Wherever pictures appear in the listing below, leave them out, and copy exactly, and only, everything from the line with "Spanish National Hat" down to the line with "Vintage Mid Century".

* [RECORDS FOR THIS TASK]:
===
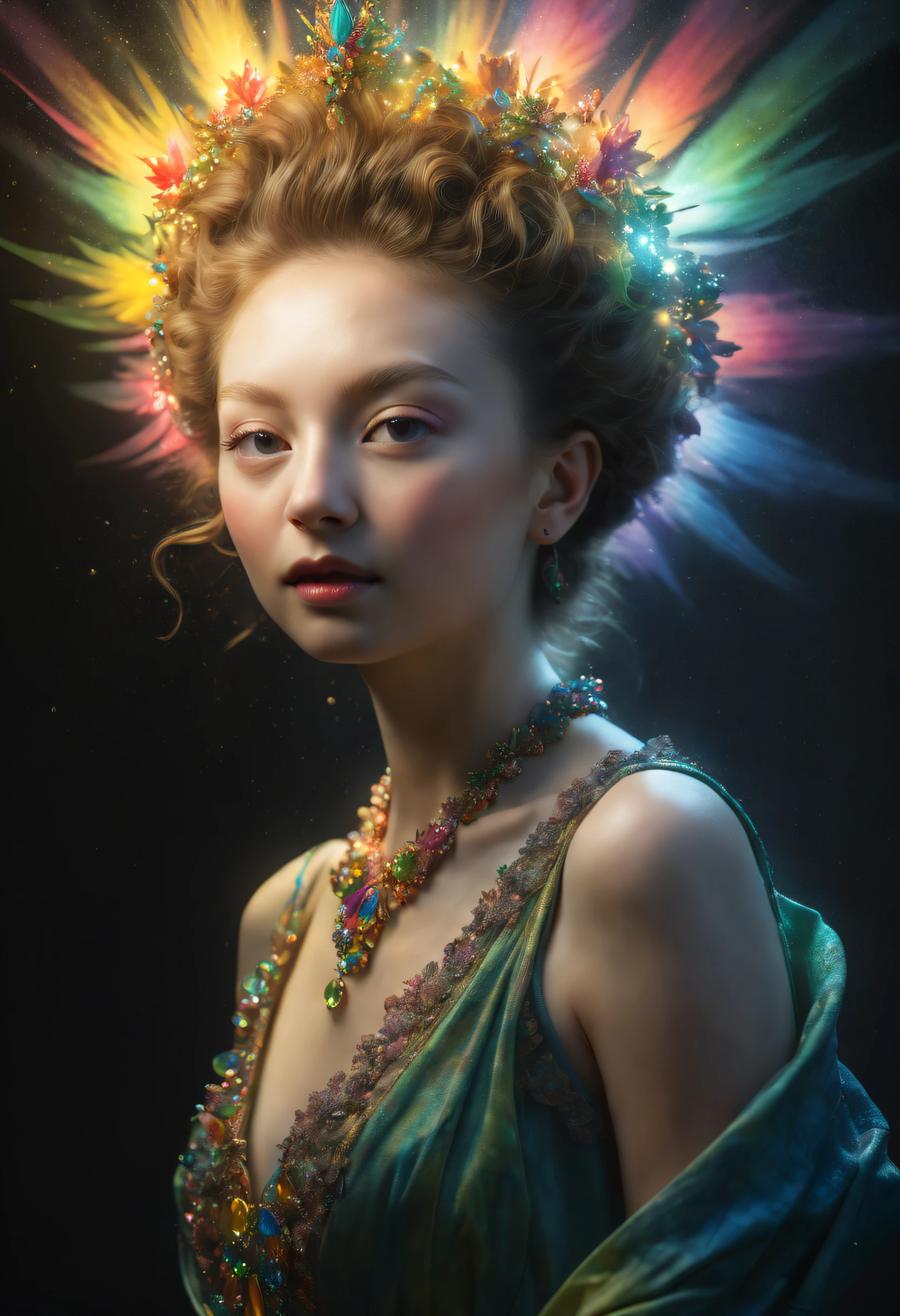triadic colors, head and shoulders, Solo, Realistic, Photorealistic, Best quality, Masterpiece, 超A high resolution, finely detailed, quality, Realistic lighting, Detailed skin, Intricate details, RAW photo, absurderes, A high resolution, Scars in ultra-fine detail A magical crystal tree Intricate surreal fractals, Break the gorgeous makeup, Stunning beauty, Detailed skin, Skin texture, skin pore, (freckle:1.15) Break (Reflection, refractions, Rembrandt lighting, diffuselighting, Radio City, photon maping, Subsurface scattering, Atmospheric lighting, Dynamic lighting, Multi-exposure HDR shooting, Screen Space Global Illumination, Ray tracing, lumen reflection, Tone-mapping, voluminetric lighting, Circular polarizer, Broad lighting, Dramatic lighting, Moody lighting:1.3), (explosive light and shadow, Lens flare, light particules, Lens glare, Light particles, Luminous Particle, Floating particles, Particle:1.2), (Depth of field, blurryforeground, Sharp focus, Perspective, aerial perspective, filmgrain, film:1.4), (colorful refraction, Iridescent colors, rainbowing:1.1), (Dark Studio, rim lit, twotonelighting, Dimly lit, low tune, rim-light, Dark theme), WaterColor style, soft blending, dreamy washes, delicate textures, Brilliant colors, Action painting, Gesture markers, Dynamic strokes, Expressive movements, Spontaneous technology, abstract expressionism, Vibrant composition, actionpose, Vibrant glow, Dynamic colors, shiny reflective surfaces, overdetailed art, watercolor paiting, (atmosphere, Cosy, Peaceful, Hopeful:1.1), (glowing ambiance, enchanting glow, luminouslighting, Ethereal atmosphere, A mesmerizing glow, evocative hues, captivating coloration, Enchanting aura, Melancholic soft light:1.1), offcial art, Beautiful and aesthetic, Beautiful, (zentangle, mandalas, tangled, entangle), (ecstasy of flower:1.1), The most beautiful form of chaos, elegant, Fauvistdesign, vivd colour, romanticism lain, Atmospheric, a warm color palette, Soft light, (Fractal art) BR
===
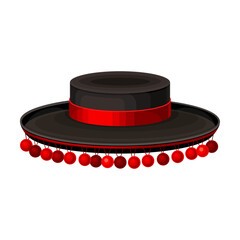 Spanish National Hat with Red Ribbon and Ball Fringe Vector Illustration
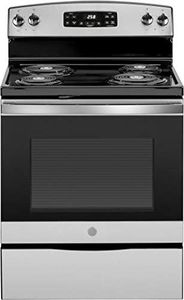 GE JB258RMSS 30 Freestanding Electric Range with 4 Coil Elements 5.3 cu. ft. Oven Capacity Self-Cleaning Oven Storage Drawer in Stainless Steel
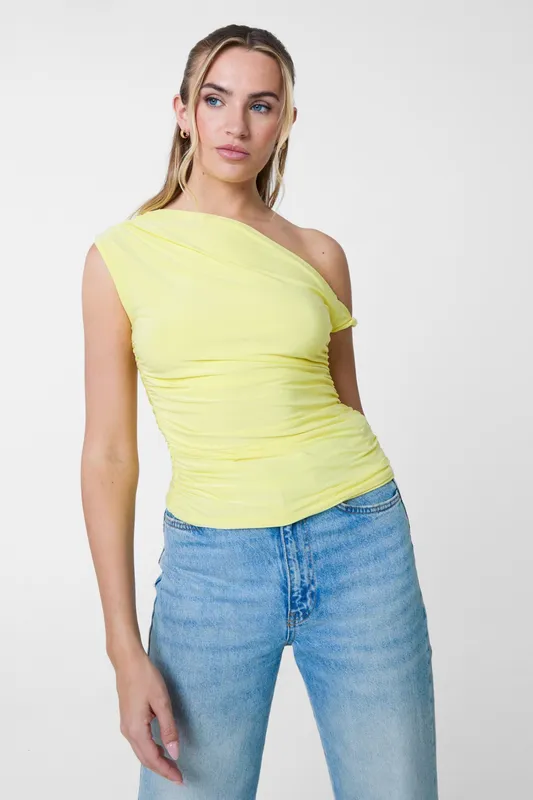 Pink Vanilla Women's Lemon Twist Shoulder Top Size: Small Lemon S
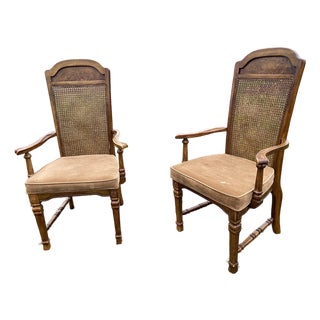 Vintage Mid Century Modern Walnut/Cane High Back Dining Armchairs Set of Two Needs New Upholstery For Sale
===
* [WRITTEN ANSWER]:
 Spanish National Hat with Red Ribbon and Ball Fringe Vector Illustration
 GE JB258RMSS 30 Freestanding Electric Range with 4 Coil Elements 5.3 cu. ft. Oven Capacity Self-Cleaning Oven Storage Drawer in Stainless Steel
 Pink Vanilla Women's Lemon Twist Shoulder Top Size: Small Lemon S
 Vintage Mid Century Modern Walnut/Cane High Back Dining Armchairs Set of Two Needs New Upholstery For Sale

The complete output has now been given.